Горный кряж сопровождал нас на довольно длинном отрезке пути. Потом открылось пространство с низкими холмами, а на них вдали виднелись арабские деревни. Легко различить, где еврейское поселение, а где арабское. Арабские выглядят так, будто вросли в землю в незапамятные времена.

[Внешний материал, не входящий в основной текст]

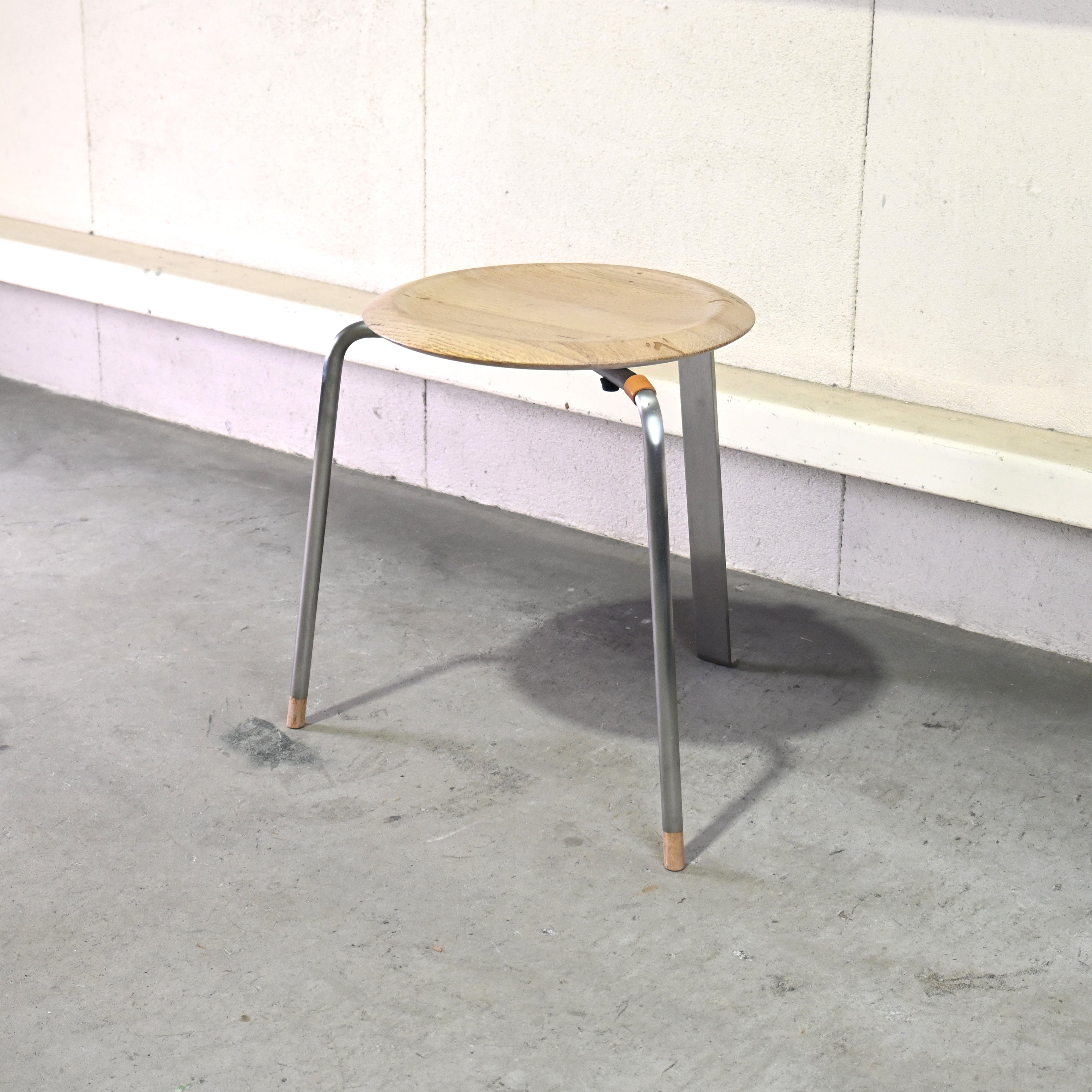 WOHL HÜTTE Tone stool 3 legs Abemaki thinned wood Gifu Japanese modern / ヴォール ヒュッテ トーン スツール 3本脚 アベマキ 間伐材 岐阜 ジャパニーズモダン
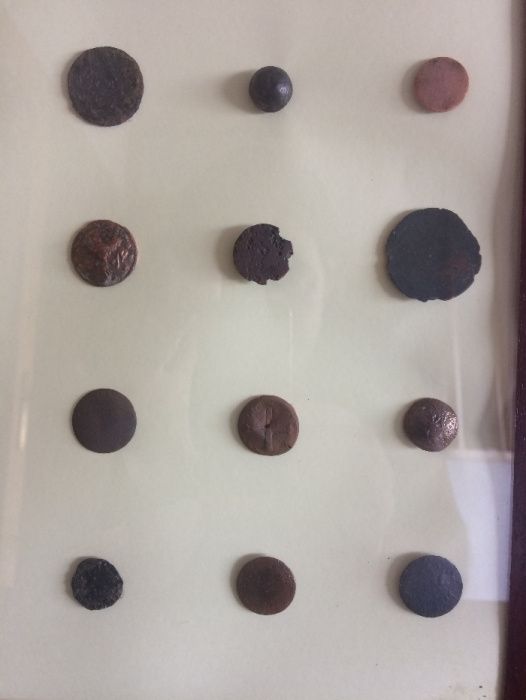 Quadro com botões da Época Medieval - Séc. XV - XVIII
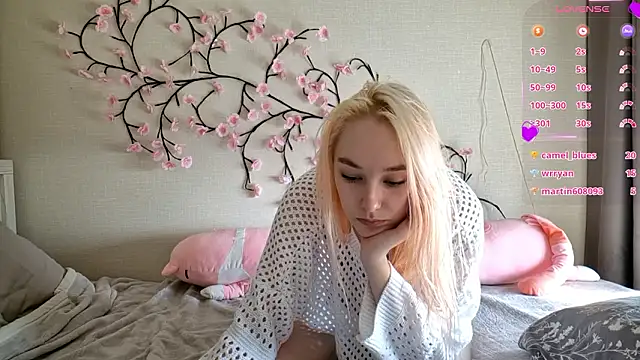 MisaMew online show from March 14, 11:33 am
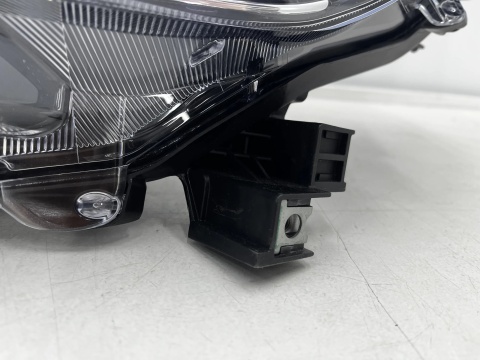 Lampa reflektor Toyota Hilux 8 VIII LIFT 20-26r. NOWA lewa przednia kompletna FULL LED Europa oryginal lewy przód 81150-0ku81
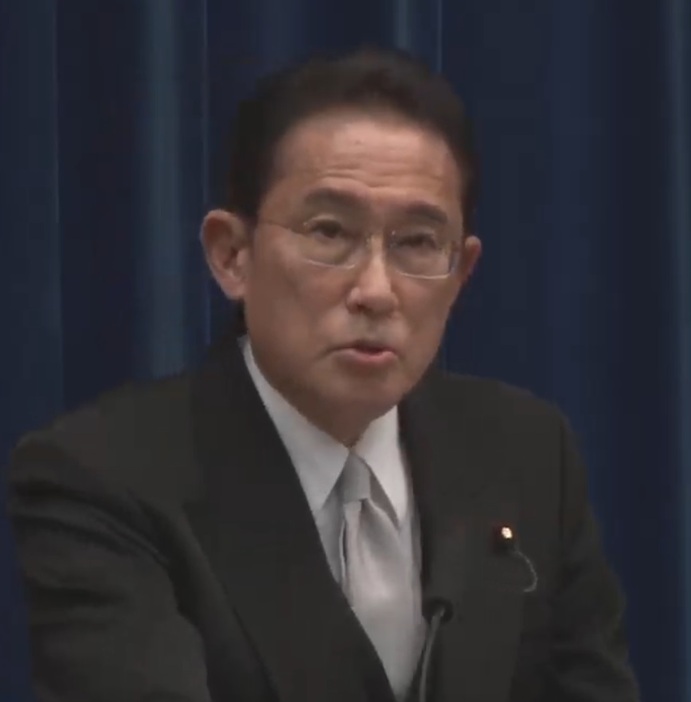 会見する岸田首相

Поездка прошла без особых происшествий. В одной арабской деревне подросток стукнул по оконной сетке разбитой доской, но никого такое враждебное действие не взволновало. Из всех местных неприятностей осталась только мясистая ляжка женщины, боровшейся за свои права. Но все же я вздохнул с облегчением, когда мы выбрались на приморскую низменность и поехали по территории, сплошь заселенной евреями. В жизни не приходилось мне видеть такого обилия апельсинов.

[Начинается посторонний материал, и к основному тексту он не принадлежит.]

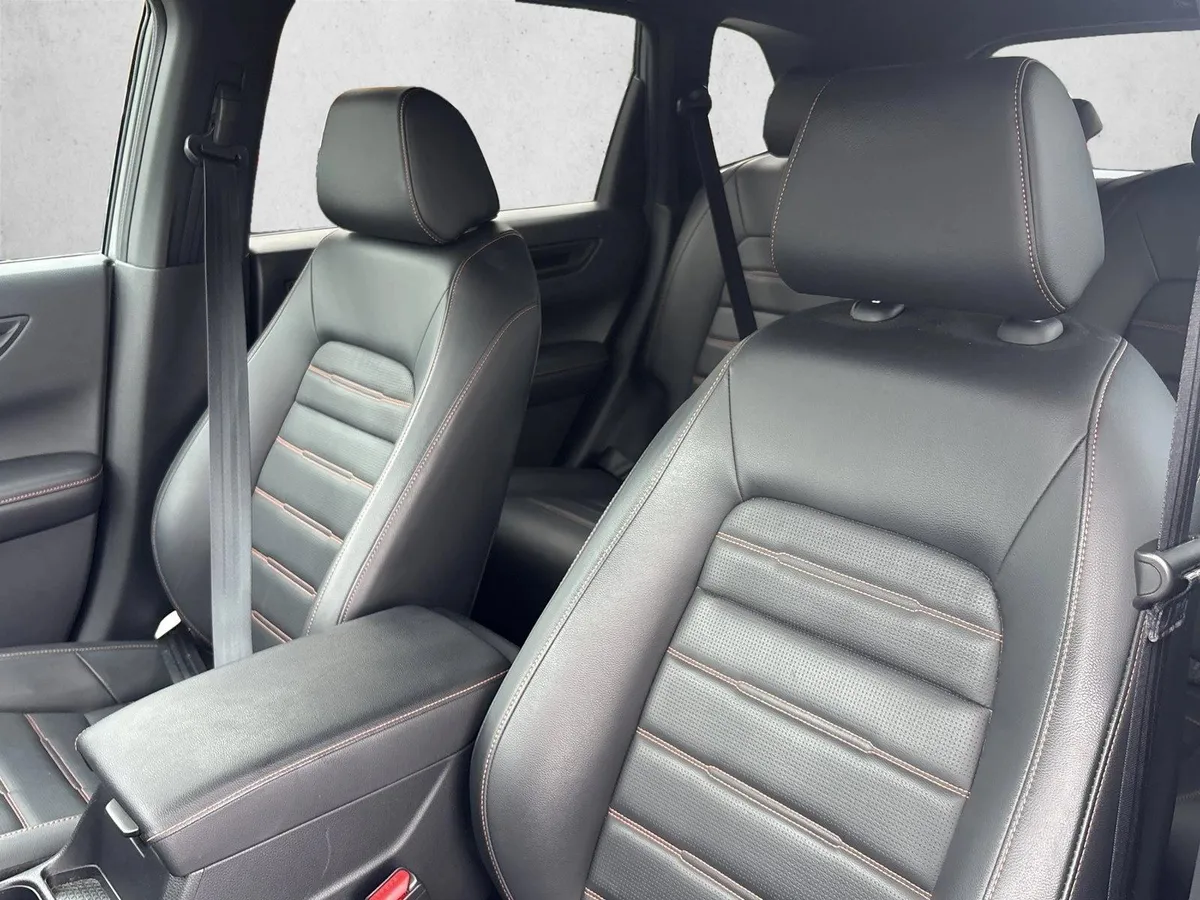 2025 Honda CR-V Hybrid Sport-L thumbnail 16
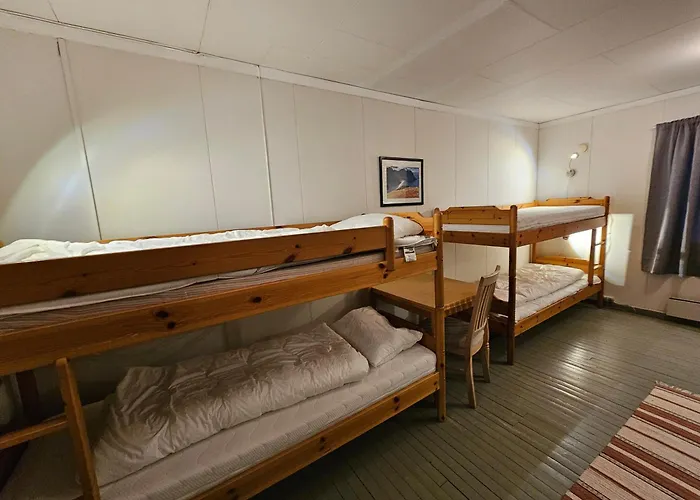 Lydersen Rorbuer Budget & Private Fredvang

К вечеру небо нахмурилось. Под пасмурным небом я почувствовал себя как дома. Въезд в Тель-Авив я пропустил. Немудрено: он совсем не похож на большой город. Это плоский городишко — ни промышленных районов, ни делового центра. Несколько новых домов в стиле баухауз воспринимаются как-то неожиданно. Под ненастным небом можно на миг поверить, что находишься в рабочем квартале в предместье какого-то немецкого города. Но большинство домов одноэтажные или двухэтажные, в деревенском стиле, с красными черепичными крышами.
11
На протяжении тридцатых годов в Палестине нарастали выступления арабских националистов, стремившихся заставить британские власти резко ограничить въезд евреев в Палестину и отказаться от исполнения мандатных обязательств. Особого размаха арабский террор достиг в апреле — октябре 1936, а затем в июне 1937 — сентябре 1939 г.